Among the entries below, only the lines starting at the one with "Inflated 3D Mom" and ending at the one with "TOP LYCRA BLANC COL CARRÉ", both included, are to be printed exactly.

================

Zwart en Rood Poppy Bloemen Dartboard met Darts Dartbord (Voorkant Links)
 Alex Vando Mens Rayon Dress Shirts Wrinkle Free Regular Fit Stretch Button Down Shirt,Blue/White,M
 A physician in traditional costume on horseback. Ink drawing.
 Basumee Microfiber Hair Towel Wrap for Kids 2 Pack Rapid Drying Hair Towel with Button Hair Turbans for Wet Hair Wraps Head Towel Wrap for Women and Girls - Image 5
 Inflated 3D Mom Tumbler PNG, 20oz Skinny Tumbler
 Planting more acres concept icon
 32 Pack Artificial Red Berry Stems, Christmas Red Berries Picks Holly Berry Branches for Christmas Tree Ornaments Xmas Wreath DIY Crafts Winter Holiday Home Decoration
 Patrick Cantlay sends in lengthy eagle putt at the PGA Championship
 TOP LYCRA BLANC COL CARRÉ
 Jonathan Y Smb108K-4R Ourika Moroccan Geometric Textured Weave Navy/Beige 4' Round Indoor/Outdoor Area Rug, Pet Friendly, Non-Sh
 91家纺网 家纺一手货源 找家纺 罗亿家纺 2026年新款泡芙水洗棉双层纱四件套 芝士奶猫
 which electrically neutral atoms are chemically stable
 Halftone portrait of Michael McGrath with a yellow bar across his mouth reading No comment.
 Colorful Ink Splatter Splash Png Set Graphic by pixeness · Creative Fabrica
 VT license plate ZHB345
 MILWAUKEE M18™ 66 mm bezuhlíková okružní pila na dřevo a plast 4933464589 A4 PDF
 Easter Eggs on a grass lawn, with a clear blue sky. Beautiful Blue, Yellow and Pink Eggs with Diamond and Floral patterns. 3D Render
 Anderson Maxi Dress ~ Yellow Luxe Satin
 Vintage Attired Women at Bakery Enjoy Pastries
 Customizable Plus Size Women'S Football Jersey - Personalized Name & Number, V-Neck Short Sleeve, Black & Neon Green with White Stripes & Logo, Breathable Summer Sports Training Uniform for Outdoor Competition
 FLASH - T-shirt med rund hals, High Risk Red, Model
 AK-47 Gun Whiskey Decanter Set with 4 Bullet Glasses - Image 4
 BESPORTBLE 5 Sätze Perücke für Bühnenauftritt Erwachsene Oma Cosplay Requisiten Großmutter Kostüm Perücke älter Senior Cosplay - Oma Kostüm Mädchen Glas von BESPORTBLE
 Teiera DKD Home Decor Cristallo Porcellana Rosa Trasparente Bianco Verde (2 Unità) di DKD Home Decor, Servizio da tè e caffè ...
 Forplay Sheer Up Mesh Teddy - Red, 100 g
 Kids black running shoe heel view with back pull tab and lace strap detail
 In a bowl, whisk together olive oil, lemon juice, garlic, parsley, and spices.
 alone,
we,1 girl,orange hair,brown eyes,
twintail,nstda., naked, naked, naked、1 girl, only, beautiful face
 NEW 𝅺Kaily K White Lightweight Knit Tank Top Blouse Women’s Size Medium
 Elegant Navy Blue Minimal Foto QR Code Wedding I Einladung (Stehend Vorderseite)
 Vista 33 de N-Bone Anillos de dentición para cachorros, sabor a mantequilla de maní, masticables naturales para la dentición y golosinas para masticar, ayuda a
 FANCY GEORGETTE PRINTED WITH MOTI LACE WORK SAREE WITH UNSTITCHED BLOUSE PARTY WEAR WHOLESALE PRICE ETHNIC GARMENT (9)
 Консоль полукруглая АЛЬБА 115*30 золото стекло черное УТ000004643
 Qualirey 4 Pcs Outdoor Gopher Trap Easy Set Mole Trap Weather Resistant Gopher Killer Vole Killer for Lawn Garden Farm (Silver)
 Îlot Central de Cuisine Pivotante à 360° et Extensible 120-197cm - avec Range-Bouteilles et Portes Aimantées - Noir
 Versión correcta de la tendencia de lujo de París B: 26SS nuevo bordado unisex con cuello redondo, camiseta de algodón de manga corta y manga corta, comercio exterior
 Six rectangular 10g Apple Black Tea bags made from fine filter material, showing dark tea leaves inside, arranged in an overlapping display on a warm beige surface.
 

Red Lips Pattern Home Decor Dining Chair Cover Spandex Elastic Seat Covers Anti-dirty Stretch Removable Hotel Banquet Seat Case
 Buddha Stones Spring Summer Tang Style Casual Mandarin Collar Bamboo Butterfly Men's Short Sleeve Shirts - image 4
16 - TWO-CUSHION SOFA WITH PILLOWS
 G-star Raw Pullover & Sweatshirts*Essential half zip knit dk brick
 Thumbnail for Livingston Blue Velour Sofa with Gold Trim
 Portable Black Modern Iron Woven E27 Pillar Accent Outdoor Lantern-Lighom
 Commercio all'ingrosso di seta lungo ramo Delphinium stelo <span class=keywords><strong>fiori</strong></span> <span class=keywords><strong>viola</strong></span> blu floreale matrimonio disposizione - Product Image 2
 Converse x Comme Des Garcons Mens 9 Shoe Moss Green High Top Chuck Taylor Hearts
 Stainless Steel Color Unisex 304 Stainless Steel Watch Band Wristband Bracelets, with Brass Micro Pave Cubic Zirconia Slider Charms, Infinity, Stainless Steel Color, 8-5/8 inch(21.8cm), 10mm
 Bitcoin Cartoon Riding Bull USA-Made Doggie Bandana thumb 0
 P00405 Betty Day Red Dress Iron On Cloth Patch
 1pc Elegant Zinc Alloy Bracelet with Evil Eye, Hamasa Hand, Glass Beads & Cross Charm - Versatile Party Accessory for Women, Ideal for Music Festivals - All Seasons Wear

================

**EXERCISE SOLUTION**
 Inflated 3D Mom Tumbler PNG, 20oz Skinny Tumbler
 Planting more acres concept icon
 32 Pack Artificial Red Berry Stems, Christmas Red Berries Picks Holly Berry Branches for Christmas Tree Ornaments Xmas Wreath DIY Crafts Winter Holiday Home Decoration
 Patrick Cantlay sends in lengthy eagle putt at the PGA Championship
 TOP LYCRA BLANC COL CARRÉ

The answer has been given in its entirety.